City cracks whip on water crisis

After September 2016, the City of Windhoek and Namwater will only be able to supply about 50% of the required water demand and impose a heavy fine to both businesses and households that over consume.
This according to the City of Windhoek, Water Demand technician, Dieter Tolke, speaking this week at a public dialogue on combining water saving efforts for 2016 and beyond.
At the Dialogue organised by the Hanns Sediel Foundation, Tolke said that only 1.5% of water inflow has been received from rainfall into the city’s reservoirs. “Only drinking water might become available” and that the city is currently considering an over consumption tariff of water for business and households of up to a N$1000 per cubic meter.
Government together with NamWater has urged Windhoek residents to use at least 15% less water than what they normally use, and have put some restrictions in place like encouraging people not to use hose pipes to wash cars or driveways.
If these savings are achieved, then the current dam levels should be sufficient until early 2017. But the likelihood of getting anywhere close to achieving this 15% saving, appears slim.
The City will have to impose a 25% water saving requirement because of already failed measures to save 15% and in the worst case scenario this will be increased to a mandatory 30%.
City of Windhoek spokesperson, Joshua Amukugo, said at the same event that current staff do not have the utmost capability and that residents as always will have to read their own meters.
The current water tariff of supplying water will not be changed, Tolke said. Adding that “Namibia is the driest country in Southern Africa but yet data shows that we waste the most water.”
According to a Simonis Storm Securities report on the economic effects of water shortage in the central area. It is difficult to pinpoint the exact economic impact of water shortages, but a cut back in manufacturing and construction activities which together contribute about 18% to GDP will negatively affect the wider economy, job security and future investment.
According to Namwater, the total annual water demand in the central region is approximately 31 million cubic meters of which 25.6 million cubic meters is used in Windhoek.
Apart from the bulk supply from Namwater, the City of Windhoek has two additional water sources; one being the reclamation plant and the second being the aquifer just south of the city.
A water shortage in this area is likely to have a significant impact on all businesses, not only water dependent and intensive industries. In a water shortage scenario, supply preference will be given to households. Public and essential services such as schools, hospitals, government, police and army will be second in line, while business, industry and construction will come last.

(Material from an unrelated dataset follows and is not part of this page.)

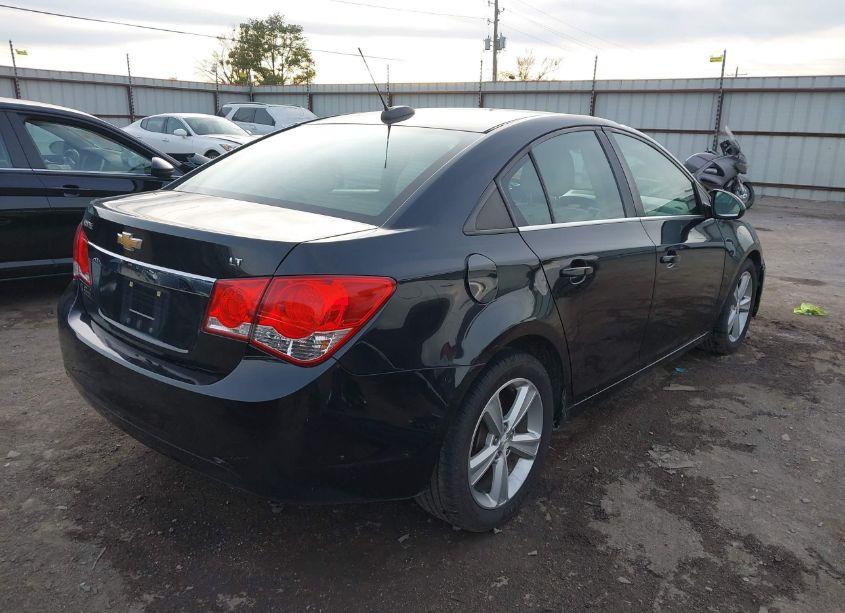 Photo 4 of 2015 Chevrolet Cruze 2LT AUTO (VIN 1G1PE5SB9F7167431)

The International Research Institute for Climate and Society (IRI) have released their latest long range temperature and rainfall forecasts that expect a 70% chance of temperatures in Namibia to be hotter than normal, and a 40% to 45% chance of rainfall being below normal across most of Namibia.
The El-Nino phenomenon is a weather anomaly which occurs every 2 to 7 years, and results in the warming up of the equatorial region of the Pacific Ocean triggering a shift in wind patterns. The occurrence of this phenomenon tends to result in a poorer rain season for certain regions globally, including Namibia.
The UN is expecting this year’s El Nino to strengthen towards the end of 2015 and is on track to become the strongest in more than 50 years. This does not bode well for Namibia.